# Wife feels rejected by my sister and adult daughter (from prior marriage)



## Not2Lucky (Jun 5, 2013)

My wife complains that she does not feel comfortable around my adult daughter from a past marriage or my sister. My wife was an only child and she and her mother are last in her family line. Her main complaint is that she had expectations of having a big family that she would be close with after our marriage (some 5 years ago now). But this hasn't developed the way she wanted.

She feels that she is not able to connect with my daughter who is married herself with a young child. She sees that most of the communication between my family and us is through me rather than with her directly. 

This is not new and has been going on for the duration of our marriage. When my wife brings up the subject she sort-of self-escalates the discussion to the point of quasi-threatening divorce because she can't see herself going thru the rest of her life without this big, loving supportive family around her. From my point of view, I really don't see anything unusual going on other than her own attitude. What I do think is happening is that she is sending her own body language signals of discomfort and receiving the same in response, creating a bit of a negative feedback loop.

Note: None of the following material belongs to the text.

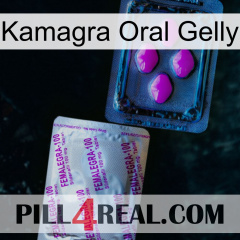 Kamagra Oral Gelly 37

I have a rather large family and we get together several times a year for holidays, etc. Everyone gets along well. But my wife seems to expect that when we enter the room everyone should be looking our way and giving us a big holiday welcome (which she claims she got in the past with her ex-husband's and other families). My family has never been that way. We love each other dearly and have no internal conflicts. But we are not big dramatic holiday show-folks. I try and explain that but to no avail.

My wife gets along very well with my mother and all the men in the family. It is mainly my daughter and sister that trouble her and she imagines that they are conspiring against her.

I've personally become a bit numb to the whole thing as it has been going on for years. But as it just came up again today (triggered by the fact that I bumped into her foot with a shopping cart last night and wasn't apologetic enough), I thought I'd have a look at the internet and see if anyone else runs into this kind of thing and what possible advice I might find.

Thanks for reading.


----------



## Hicks (Jan 14, 2011)

When she complains about this you say to her 

Wife, I have a saying... "if it's going to be, it starts with me"

And then move along to the next subject.

You can't let your wife's irrational phobias take on alot of prominence in your marriage, but you cannot be dismissive either.


----------